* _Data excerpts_
Segment Open

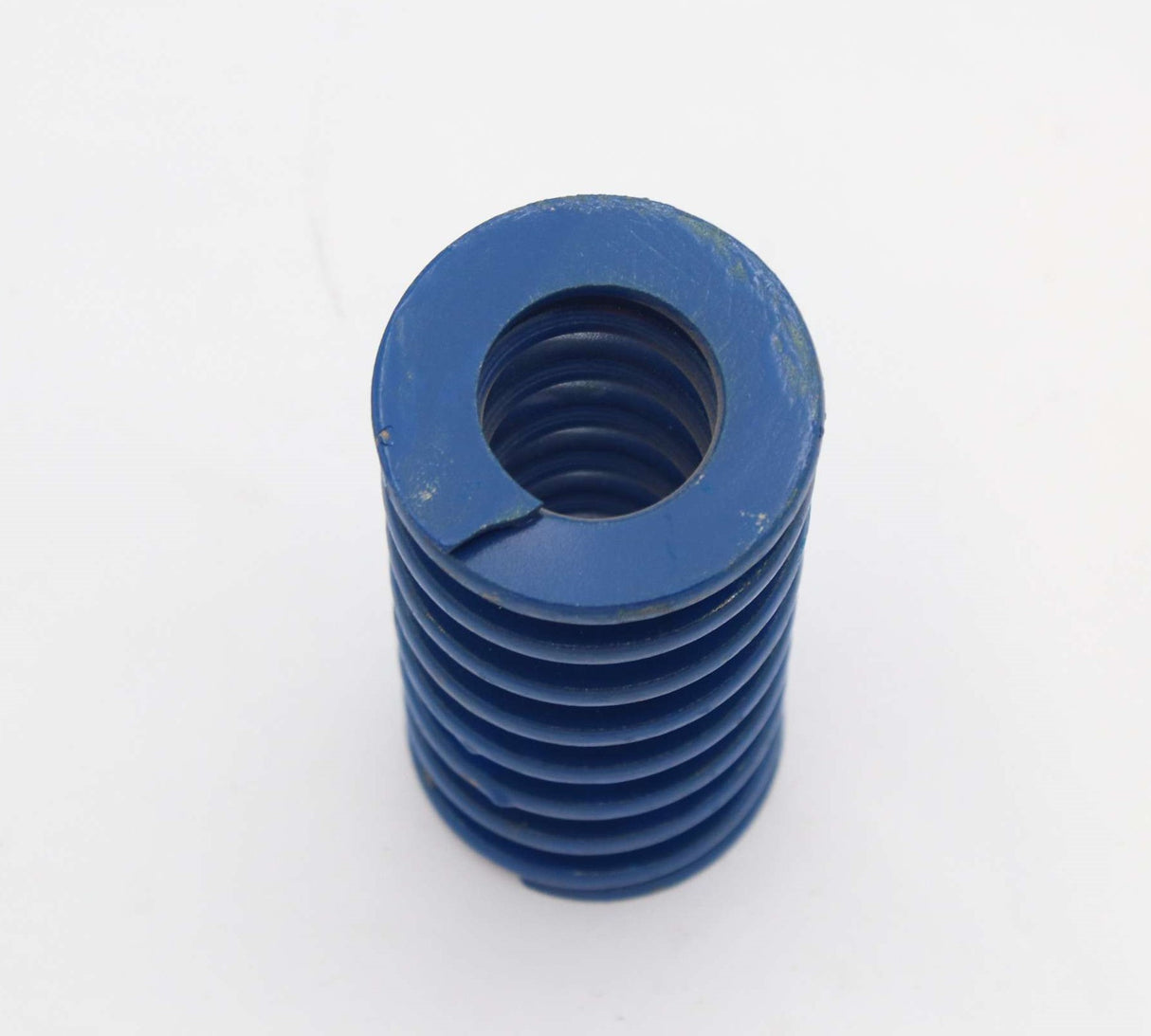 SCHWARZE - 66838 - DIE SPRING2" HOLE 1" ROD 4" L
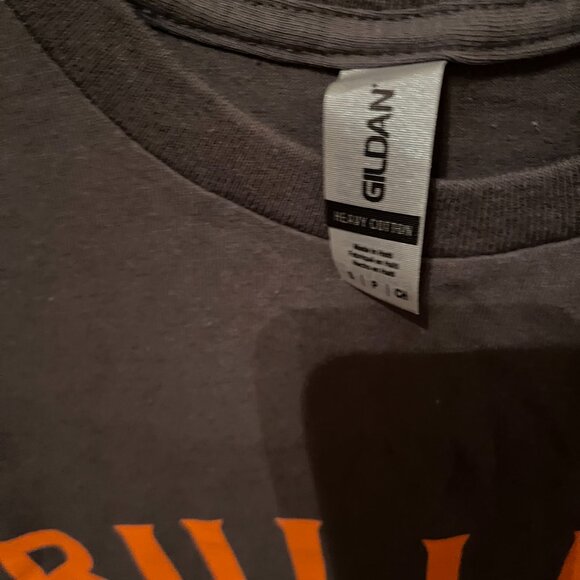 Mans short-sleeved t-shirt - Picture 3 of 4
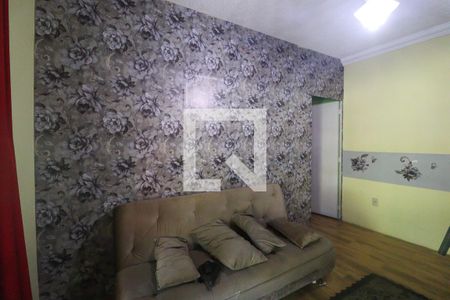 Sala de casa à venda com 3 quartos, 2999m² em Recanto da Prata, Jundiaí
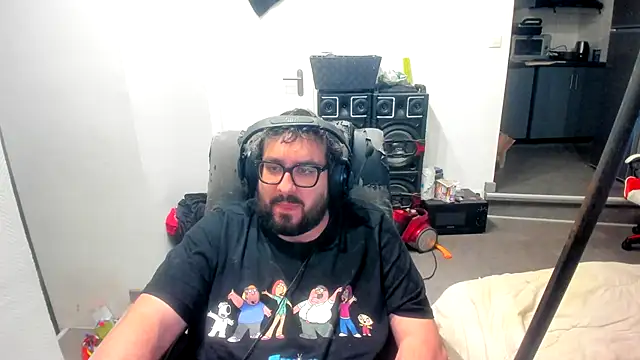 bears549a online show from 11-17-25, 08:03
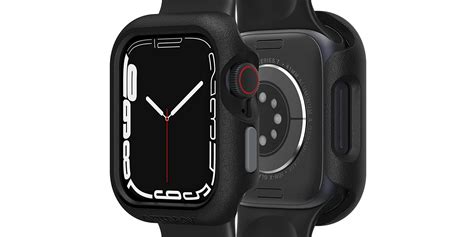 Otterbox And Lifeproof Apple Watch Series 7 Casesbands Now Start From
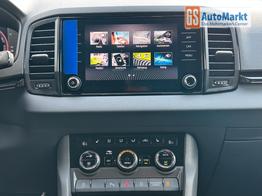 Skoda Karoq Sportline 2.0 TDI DSG AHK*NAVI*Android Auto**SHZ*Keyless*Kamera*ACC 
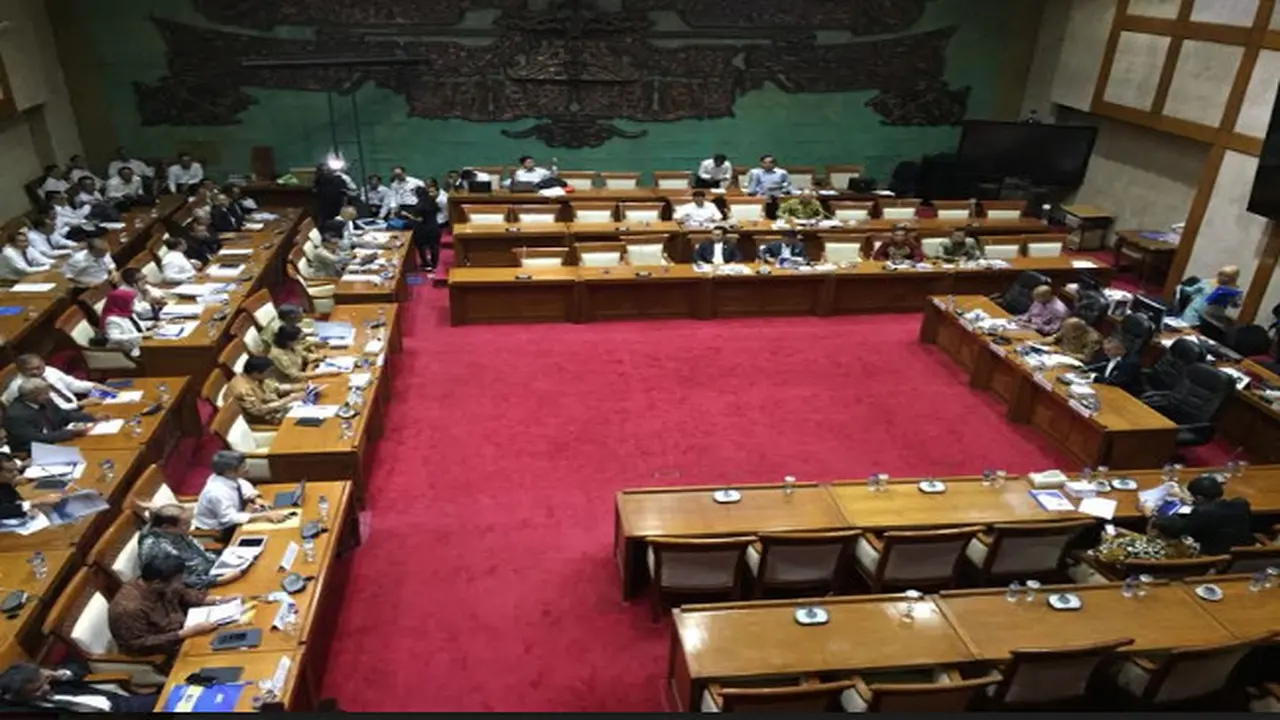 (Foto: Merdeka.com/Dwi Aditya Putra)
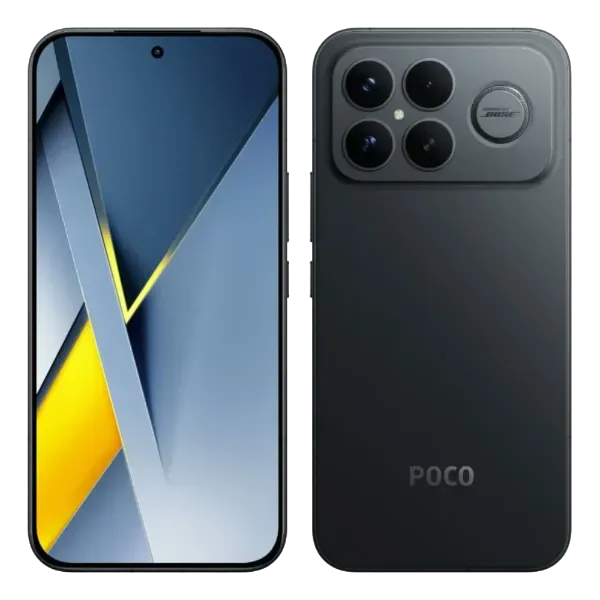 Xiaomi Poco F8 Ultra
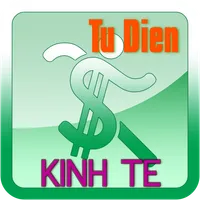 Từ điển chuyên ngành kinh tế icon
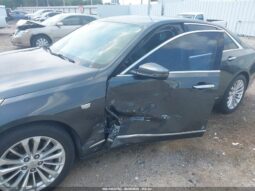 
										2017 Cadillac Ct6 full									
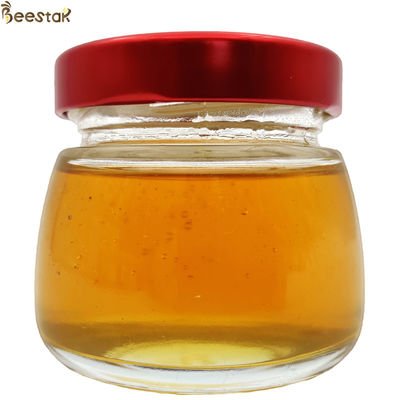 Φυσικό καλύτερο Jujube ποιοτικών καθαρό οργανικό ακατέργαστο μελισσών μέλι της Υεμένης Sidr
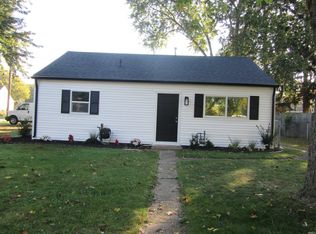 162 Joyce Ct, Elkhart, IN 46516
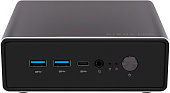 Неттопы Digma Pro Minimax U1 i3 1215U (1.2) 16Gb SSD512Gb UHDG Windows 11 Pro GbitEth WiFi BT  (DPP3-ADXW03) — фото, цена, купить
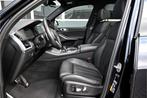 BMW X5 xDrive45e M-SPORT / PANO / MASSAGE / SOFTCLOSE / 4WIE, Auto's, BMW, Gebruikt, Zwart, Leder, Vierwielaandrijving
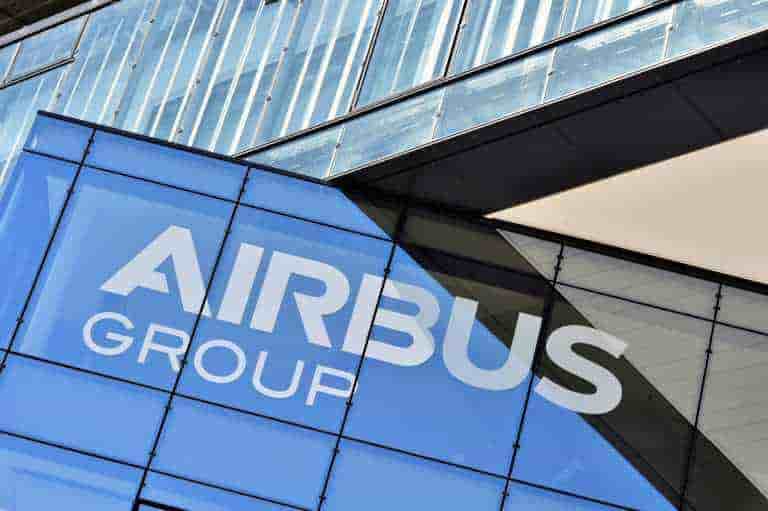 Airbus supprime 1 164 postes mais en crée 230 autres.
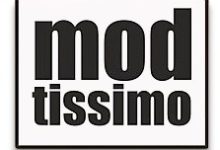 葡萄牙波尔图服装面料及配料展(MOD-TISSIMO)-logo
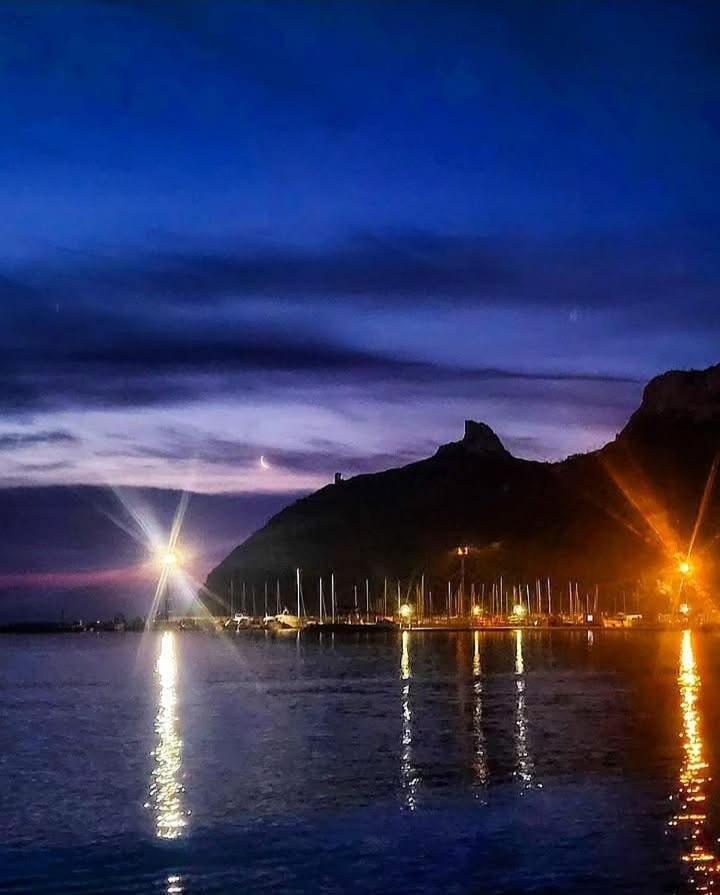 Casa Vacanze “Dolce Sosta” Quartu SantʼElena Exteriér fotografie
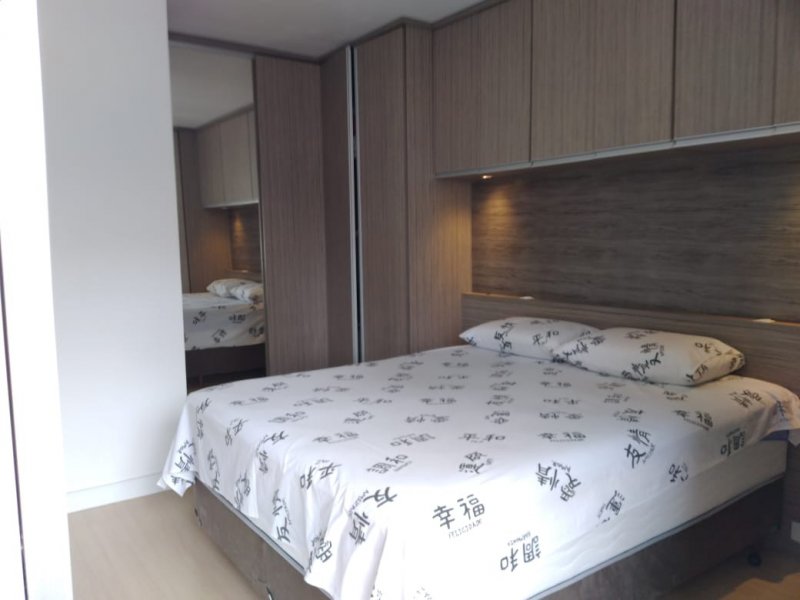 imóvel com 160m² - Boqueirão - Curitiba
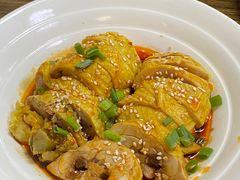 -陕西人家(莱山店)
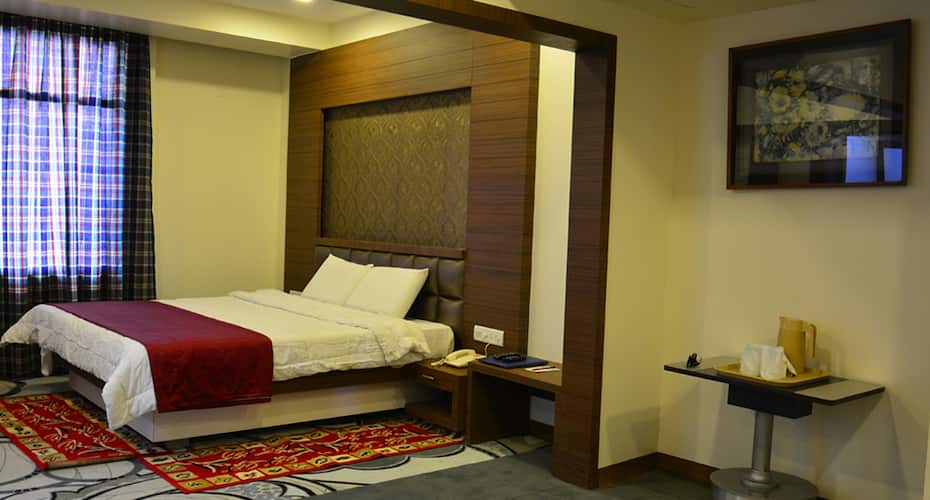 lucknow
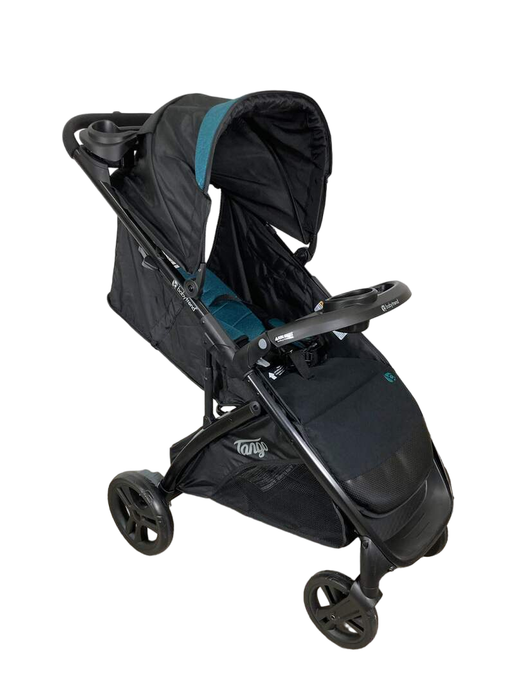 Shop Baby Trend Tango Stroller, 2022, Veridian at Goodbuygears
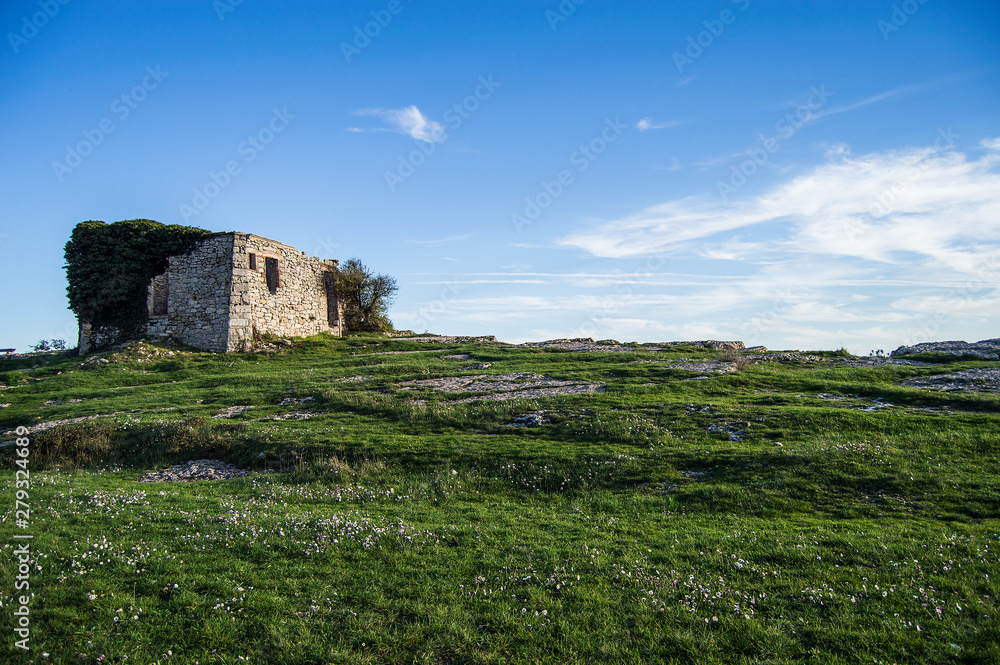 casa de campo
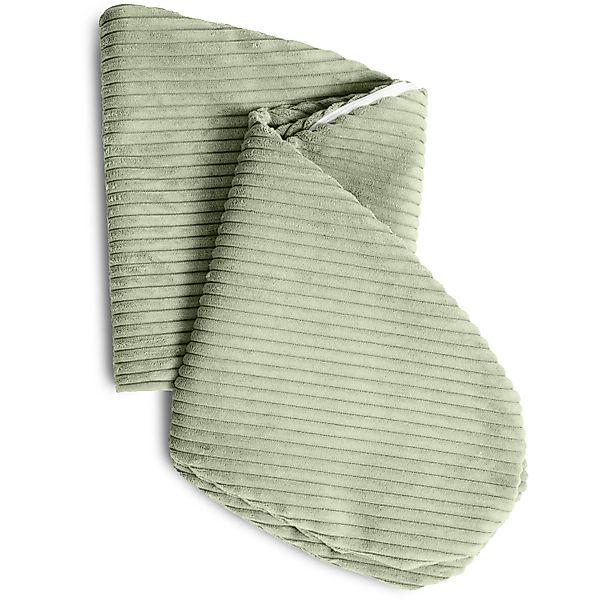 Amilian Stillkissenbezug 170 cm - Kissenbezug günstig online kaufen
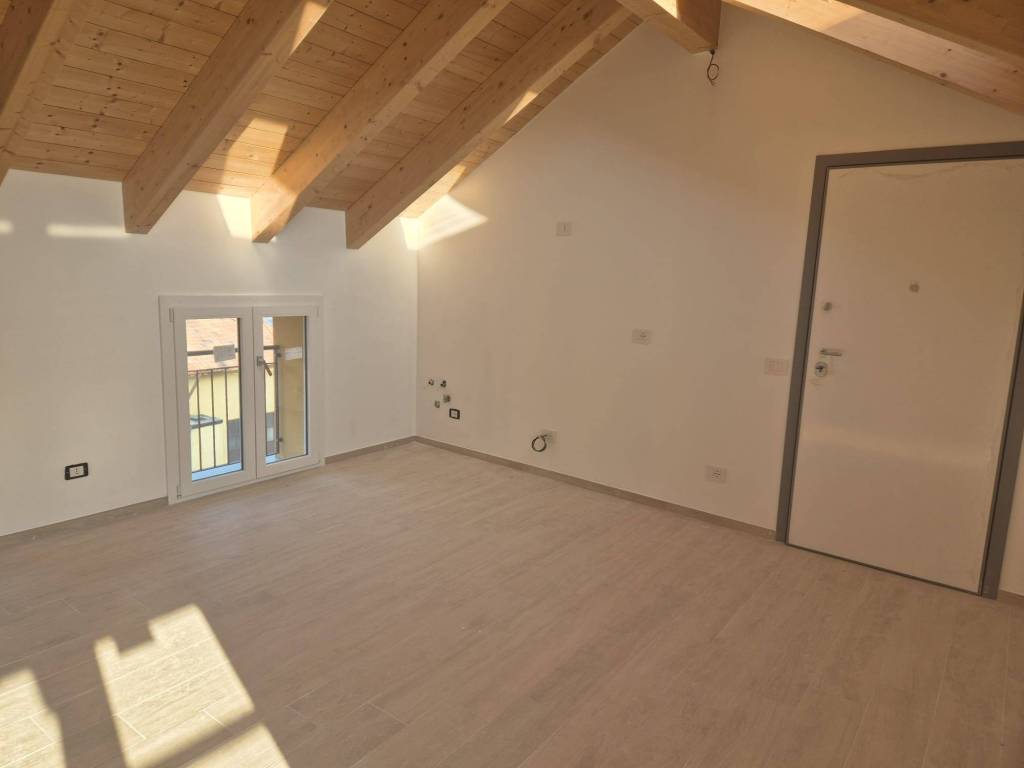 appartamento in vendita a Pregnana Milanese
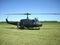 UH-1 at EAA Argentina 2013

Segment Closed

* _What this task involves_
All lines from the one containing "Xiaomi Poco F8 Ultra" to the last line of the records above, and no others, should be returned unchanged, without pictures.

* _Answer_
 Xiaomi Poco F8 Ultra
 Từ điển chuyên ngành kinh tế icon
										2017 Cadillac Ct6 full									
 Φυσικό καλύτερο Jujube ποιοτικών καθαρό οργανικό ακατέργαστο μελισσών μέλι της Υεμένης Sidr
 162 Joyce Ct, Elkhart, IN 46516
 Неттопы Digma Pro Minimax U1 i3 1215U (1.2) 16Gb SSD512Gb UHDG Windows 11 Pro GbitEth WiFi BT  (DPP3-ADXW03) — фото, цена, купить
 BMW X5 xDrive45e M-SPORT / PANO / MASSAGE / SOFTCLOSE / 4WIE, Auto's, BMW, Gebruikt, Zwart, Leder, Vierwielaandrijving
 Airbus supprime 1 164 postes mais en crée 230 autres.
 葡萄牙波尔图服装面料及配料展(MOD-TISSIMO)-logo
 Casa Vacanze “Dolce Sosta” Quartu SantʼElena Exteriér fotografie
 imóvel com 160m² - Boqueirão - Curitiba
 -陕西人家(莱山店)
 lucknow
 Shop Baby Trend Tango Stroller, 2022, Veridian at Goodbuygears
 casa de campo
 Amilian Stillkissenbezug 170 cm - Kissenbezug günstig online kaufen
 appartamento in vendita a Pregnana Milanese
 UH-1 at EAA Argentina 2013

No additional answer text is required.